Ces résultats corroborent ceux établis par C. Mercier (1977) qui considérait l’immigration comme une solution à la rareté tendancielle de main-d’oeuvre non qualifiée dans les pays capitalistes développés lors des périodes de croissance extensive. Le manque structurel et permanent de forces de travail non qualifiées pendant les phases d’expansion forte constituant un blocage de l’accumulation du capital, l’immigration contribue ainsi à rétablir la rentabilité du capital.

Notes
32.

M. Byé et G. Destanne de Bernis (1987), op. cit.

33.

La troisième différence réside dans les compositions organiques du capital.
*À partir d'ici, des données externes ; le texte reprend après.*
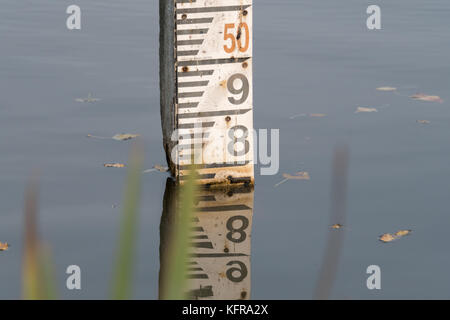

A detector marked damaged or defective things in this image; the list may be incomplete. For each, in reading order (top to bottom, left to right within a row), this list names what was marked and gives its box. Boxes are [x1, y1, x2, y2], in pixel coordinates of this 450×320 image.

Le niveau élevé des salaires dans le pays le plus développé engendre une augmentation du capital constant (c) par rapport au capital variable( v) et donc une composition organique du capital différente de celle du pays le moins avancé. Cette situation aboutit à une baisse du taux de profit dans le pays le plus développé ; ce qui pousse les capitalistes à aller dans les pays en développement pour compenser la baisse du taux de profit. A. Emmanuel (1969) s’appuie, entre autres, sur cette différence pour fonder une explication des mouvements de capitaux. Arrighi Emmanuel [1969]. L’échange inégal, Maspéro, Paris.

34.

R.-E. Verhaeren [1990]. Partir ? Une théorie économique des migrations internationales, Grenoble, PUG, 316 p.

35.

L’auteur y voit une occasion pour la classe des exploités de s’unir pour revendiquer une rémunération plus juste de la force de travail.